DUBAI, Dec 1 – In Dubai, delegates at this year’s United Nations climate conference reached a significant agreement on November 30 to activate a fund designed to aid countries vulnerable to the effects of climate change. This breakthrough on the conference’s first day marks a pivotal step in addressing loss and damage caused by environmental changes.

UN climate chief Simon Stiell highlighted the importance of this development during a press conference. “Today’s news on loss and damage gives this UN climate conference a running start. All governments and negotiators must use this momentum to deliver ambitious outcomes here in Dubai,” Stiell stated.

On X, the social media platform formerly known as Twitter, UN Secretary-General António Guterres praised the agreement to operationalize the fund, emphasizing its role in achieving climate justice. He encouraged leaders to back the fund, hoping for a solid start to COP28.

The fund, long sought by developing nations grappling with the consequences of climate change, such as droughts, floods, and rising seas, saw developed countries recognizing its necessity during COP27 in Sharm el-Sheikh, Egypt, in 2022.

Sultan al-Jaber, COP28 President, announced the United Arab Emirates’ commitment of $100 million to the fund. Similarly, Germany pledged an equal amount, with the United States and Japan also contributing.

The 28th Conference of Parties (COP) to the UN Framework Convention on Climate Change (UNFCCC) commenced on November 30 at Expo City on Dubai’s outskirts. The venue, adorned with greenery, expects over 70,000 delegates and participants through December 12, focusing on shaping a sustainable future.

This fund’s urgency reflects ongoing discussions on loss and damage at previous COPs and aligns with the Paris Agreement’s goals. Nations least responsible for greenhouse gas emissions face disproportionate challenges from climate catastrophes. The proposed fund aims to support these nations, potentially aiding in rebuilding sustainable infrastructure.

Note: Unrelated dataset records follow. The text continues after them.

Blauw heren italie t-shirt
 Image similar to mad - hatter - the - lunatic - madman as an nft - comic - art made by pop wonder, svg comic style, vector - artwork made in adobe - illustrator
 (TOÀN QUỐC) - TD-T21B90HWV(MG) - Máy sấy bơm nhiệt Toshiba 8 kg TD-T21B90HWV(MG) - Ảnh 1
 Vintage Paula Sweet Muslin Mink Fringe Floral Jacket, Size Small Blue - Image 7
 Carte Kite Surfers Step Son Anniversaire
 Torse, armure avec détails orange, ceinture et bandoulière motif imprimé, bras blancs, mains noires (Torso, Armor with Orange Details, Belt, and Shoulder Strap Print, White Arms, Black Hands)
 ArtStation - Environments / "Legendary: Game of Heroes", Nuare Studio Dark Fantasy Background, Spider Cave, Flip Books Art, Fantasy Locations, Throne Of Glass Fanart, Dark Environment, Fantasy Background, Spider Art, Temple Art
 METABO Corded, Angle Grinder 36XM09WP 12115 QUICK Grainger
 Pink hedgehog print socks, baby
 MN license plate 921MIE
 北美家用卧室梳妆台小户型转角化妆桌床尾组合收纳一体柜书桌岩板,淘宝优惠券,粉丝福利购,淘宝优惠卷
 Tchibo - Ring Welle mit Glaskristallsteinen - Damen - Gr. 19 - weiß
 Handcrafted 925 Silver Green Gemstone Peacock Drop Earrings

Meanwhile, the African CSOs Biodiversity Alliance, comprising African Indigenous Peoples, local communities, youth, women, small-scale farmers, and NGOs, is participating in the Dubai climate conference. The alliance seeks to advocate for climate solutions that respect traditional knowledge and equity. They aim to influence climate policies that benefit Africa, emphasizing increased funding for African governments and Indigenous Peoples and Local Communities (IPLCs) at the forefront of biodiversity and climate challenges.

At COP28, the ACBA is advocating for several key actions:

  • Emphasizing the importance of traditional knowledge from diverse groups in shaping effective climate solutions while advocating for integrating this wisdom into climate policies.
  • Calling for urgent, real, and equitable transitions that address the negative impacts of false climate solutions on society, biodiversity, and IPLCs and emphasizing the need for substantial carbon emission reductions.
  • Urging parties to fulfil their climate finance commitments, emphasizing the importance of the quality and accessibility of funding, especially for IPLCs. The alliance had also called for a clear definition of climate finance and the immediate operationalization of the loss and damage fund.
  • Advocating for just and equitable transitions in areas such as food sovereignty through agroecology, access to clean and affordable energy leveraging Africa’s renewable resources, and sustainable debt management to enable African countries to invest in responding to climate change and biodiversity loss.

The ACBA underscores the urgency of prioritizing these actions at COP28 to achieve genuine and lasting climate solutions that respect the rights and wisdom of diverse communities. The alliance stresses the shared responsibility of all nations to secure a sustainable and equitable future.